- What to produce -
Return exactly the lines from the one containing "O que está sendo" through the last line of the records below, both included, and leave out any pictures.

- Records for the exercise -

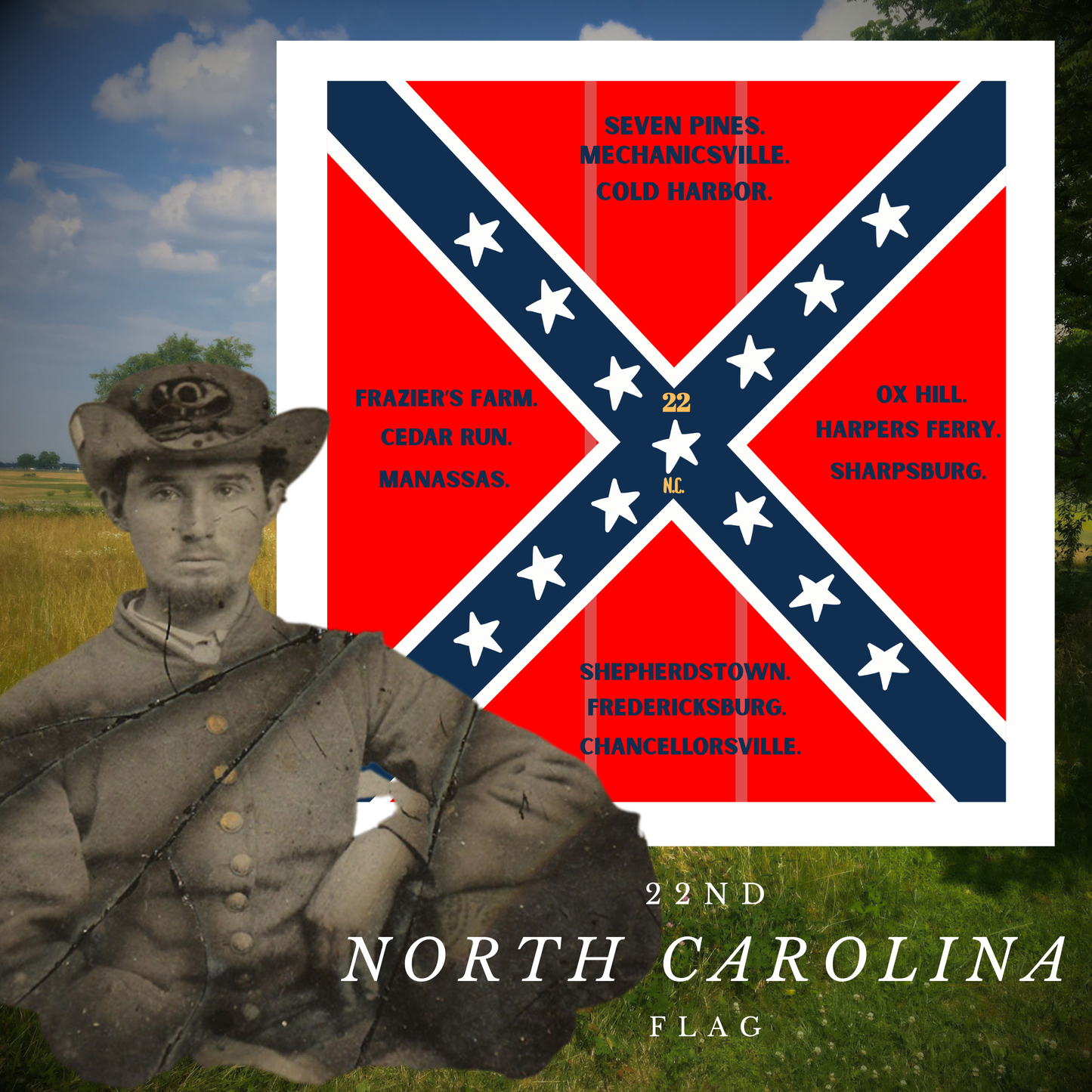 22nd North Carolina Battle Flag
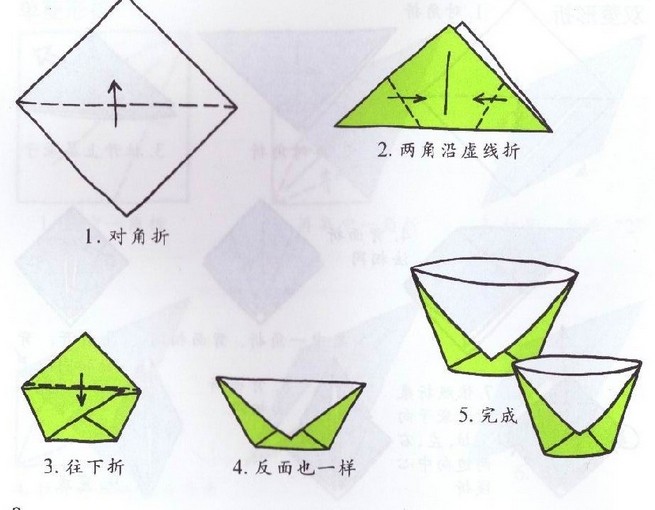 纸杯的手工折纸方法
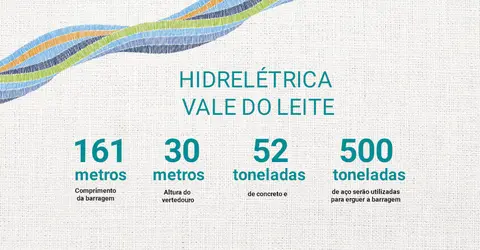 O que está sendo dito sobre cooperação em tempos de pandemia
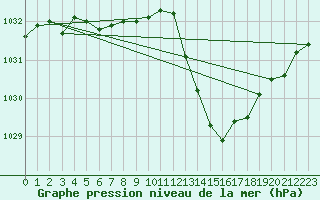 Courbe de la pression atmosphrique pour Ambrieu (01)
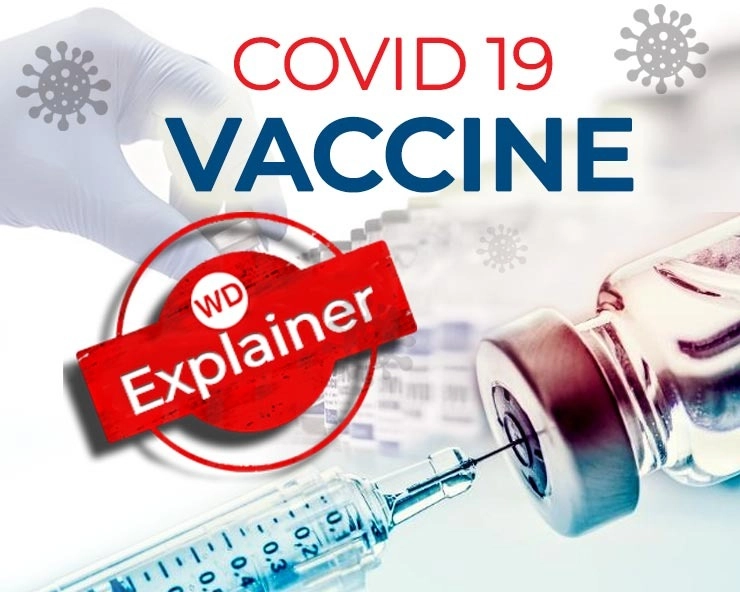‘वैक्‍सीन’ को लेकर आम लोगों के 12 सवाल, जि‍न्‍हें जानना है बेहद ‘जरूरी’ - Corona vaccine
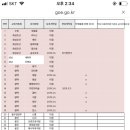 다솜유치원  (추가) 이미지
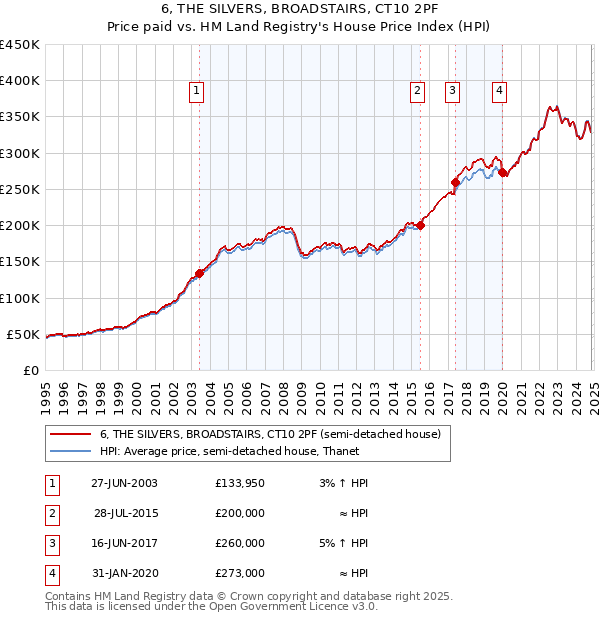 6, THE SILVERS, BROADSTAIRS, CT10 2PF: Price paid vs HM Land Registry's House Price Index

- Solution for this exercise -
 O que está sendo dito sobre cooperação em tempos de pandemia
 Courbe de la pression atmosphrique pour Ambrieu (01)
‘वैक्‍सीन’ को लेकर आम लोगों के 12 सवाल, जि‍न्‍हें जानना है बेहद ‘जरूरी’ - Corona vaccine
 다솜유치원  (추가) 이미지
 6, THE SILVERS, BROADSTAIRS, CT10 2PF: Price paid vs HM Land Registry's House Price Index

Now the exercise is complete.